#### [WORK TO COMPLETE]
Please output exactly the run of lines that starts at the line with "Angels as flower" and ends at the last line of the records below.

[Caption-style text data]
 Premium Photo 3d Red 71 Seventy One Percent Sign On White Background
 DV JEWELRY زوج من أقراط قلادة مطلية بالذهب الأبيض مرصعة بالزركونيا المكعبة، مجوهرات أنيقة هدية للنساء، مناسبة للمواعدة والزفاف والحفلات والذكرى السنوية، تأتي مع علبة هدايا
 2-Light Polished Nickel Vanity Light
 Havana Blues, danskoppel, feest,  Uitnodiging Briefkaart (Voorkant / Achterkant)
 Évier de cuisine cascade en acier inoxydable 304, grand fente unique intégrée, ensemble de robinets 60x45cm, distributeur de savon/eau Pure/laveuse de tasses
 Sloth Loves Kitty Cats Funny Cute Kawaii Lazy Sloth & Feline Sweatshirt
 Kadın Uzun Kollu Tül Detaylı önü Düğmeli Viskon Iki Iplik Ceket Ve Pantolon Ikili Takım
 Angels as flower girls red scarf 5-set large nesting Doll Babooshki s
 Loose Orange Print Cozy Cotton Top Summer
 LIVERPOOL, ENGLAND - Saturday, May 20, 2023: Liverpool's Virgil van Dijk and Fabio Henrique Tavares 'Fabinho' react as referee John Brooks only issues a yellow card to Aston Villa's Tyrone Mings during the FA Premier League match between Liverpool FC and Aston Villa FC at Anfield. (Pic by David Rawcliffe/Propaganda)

#### [ANSWER SECTION]
 Angels as flower girls red scarf 5-set large nesting Doll Babooshki s
 Loose Orange Print Cozy Cotton Top Summer
 LIVERPOOL, ENGLAND - Saturday, May 20, 2023: Liverpool's Virgil van Dijk and Fabio Henrique Tavares 'Fabinho' react as referee John Brooks only issues a yellow card to Aston Villa's Tyrone Mings during the FA Premier League match between Liverpool FC and Aston Villa FC at Anfield. (Pic by David Rawcliffe/Propaganda)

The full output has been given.